Conclusion : à bas les homos, ils sont infects, nous autres pédophiles n’avons rien de commun avec ces pourritures. Nos amours à nous, pédophiles, sont la soixante-dix-septième merveille du monde — la meilleure !
Et pourtant, les pédophiles ne disent rien de pareil. (En fait de merveille, ça c’en est une.) Ils ne « dénoncent » pas les abominations de l’homosexualité entre adultes, ils ne crachent pas non plus à la figure de ceux d’entre eux qui ont commis des délits sexuels (un délit n’est pas une définition d’un homme). Ils — nous — les pédos ne pratiquent pas l’anathème.
Pourquoi ? Hein, pourquoi.
Ah, ce n’est pas malin à deviner. Je suis pédophile ? Eh bien ça veut dire, simplement, que vous, vous autres homos à moustaches, je vous connais et je vous fréquente à l’âge où vous n’avez encore pas un seul poil.
Car tout pédophile pratiquant — je dis bien : pratiquant — découvre le paganisme sexuel de l’enfant. Son égoïsme. Son érotisme facilement malpropre, où le pipi-caca vaut bien celui du Continental (américain) ; ses mièvreries, son narcissisme démesuré ; son sentimentalisme en chewing-gum et en clous (tous formats) ; sa passion du travesti, du cabotinage, des manières, des chichis et des fards ; et la bouleversante pureté de tant d’imperfections. Tous les mythes et tous les mondes, tous les crimes et tous les excès, tous les génies et toutes les saintetés, s’expriment et s’enfantent dans l’amour d’un enfant et d’un adulte.
Puisque je sais cela, comment pourrais-je condamner, chez les adultes, ce qu’il leur reste d’enfance et que les familles appellent monstruosité ? Je serais un pédophile aveugle si je n’apercevais pas, et ne louais pas, dans tous les excès des homos devenus hommes, la part de génie amoureux qu’ils ont héritée de leur propre enfance.

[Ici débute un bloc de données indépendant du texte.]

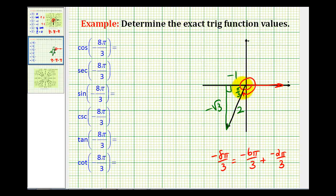Now we can use this reference triangle to determine all of the trig function values. We could have converted to degrees from the beginning, but it's important to get practice using and recognizing angles in radians. Cosine theta would be the ratio of the adjacent side to the hypotenuse — that's going to be negative 1 half.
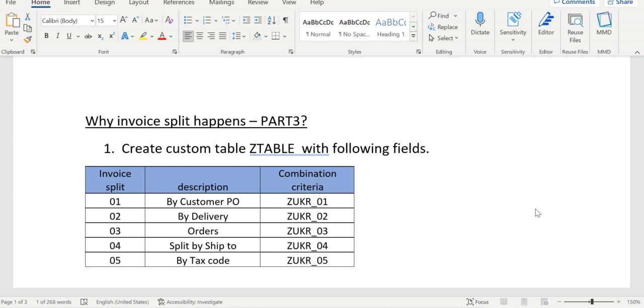Five deliveries relevant to one ship-to party, another five relevant to another ship-to party. In this case, business is expecting two invoices ship-to party wise, one invoice each. A similar way we can create invoices...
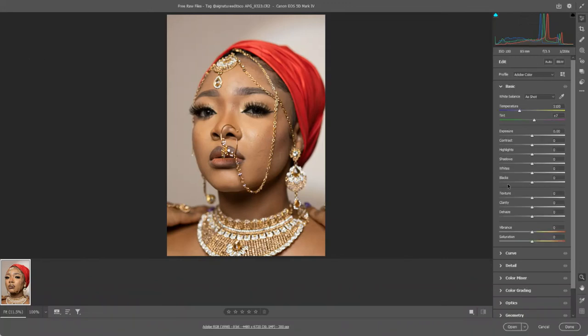We very briefly looked at exposure and white balance, and then under the basic section of Raw Editor, I've also got some contrast, highlights, shadows, whites, and blacks sliders. These are going to control the tonal range within the image.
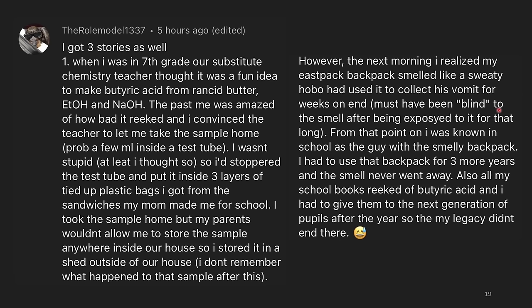He's guessing here that he'd been blind to the smell because sometimes when you're working with strong smells you just get used to it and can't tell how bad it is anymore. From that point on he was known in school as the guy with the smelly backpack. He had to use that backpack for three more years and the smell never went away. All of his school books reeked of butyric acid, and he had to give them to the next generation of pupils — so his legacy didn't end there. Most chemistry labs have some smell of butyric acid if it's ever been used, and I can confirm that even my lab notebooks from labs where I've worked with butyric acid still have a slight smell to this day.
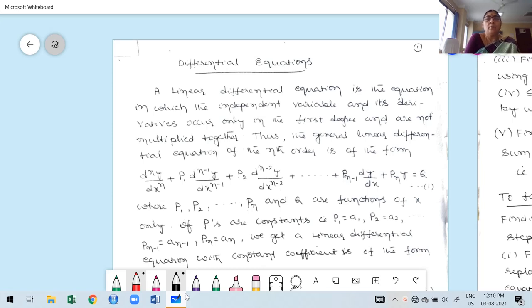Hello guys, welcome to my first class for Module 2, Additional Mathematics 2. This comes under Diploma students. My name is Dr. K. M. Rupa, Professor, Department of Mathematics, Bangalore Institute of Technology.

Pour le dire sans lyrisme (parlons plus bas !), un pédophile ne peut regarder qu’avec plaisir, et même avec une pointe d’envie, car ses mœurs à lui sont très sages, les comportements « excessifs » de ces hommes qui, hauts comme trois oranges ou, au contraire, musclés comme une vache bretonne, jouent à quelque chose qui rend moins malheureux et moins bête.
Seules les fausses vertus rendent imbécile et méchant, sèment la souffrance et construisent des prisons. Un talent qu’il faut abandonner aux familles, qui y excellent. Mais pas de ça chez nous !
Ah, on dirait que je crois que la pédérastie rend beau. Je m’expliquerai là-dessus une autre fois.
En tout cas, les pédophiles homos et masculins (je veux bien qu’on m’injurie parce que je dis nous) semblent avoir, malgré l’étroitesse de leurs goûts (moi, j’aime les très grands garçons aussi, mais c’est pas tout le monde !), une idée large, ample, inspirée, lumineuse et ouverte, de ce que l’amour veut dire. Et simplement parce qu’ils connaissent ou ont connu des enfants, certains enfants, et non les moindres. Il serait temps que l’homo de base daigne regarder un peu au-delà de sa moustache ou de son accroche-cœur, et se rende compte qu’on ne naît pas à dix-huit ans.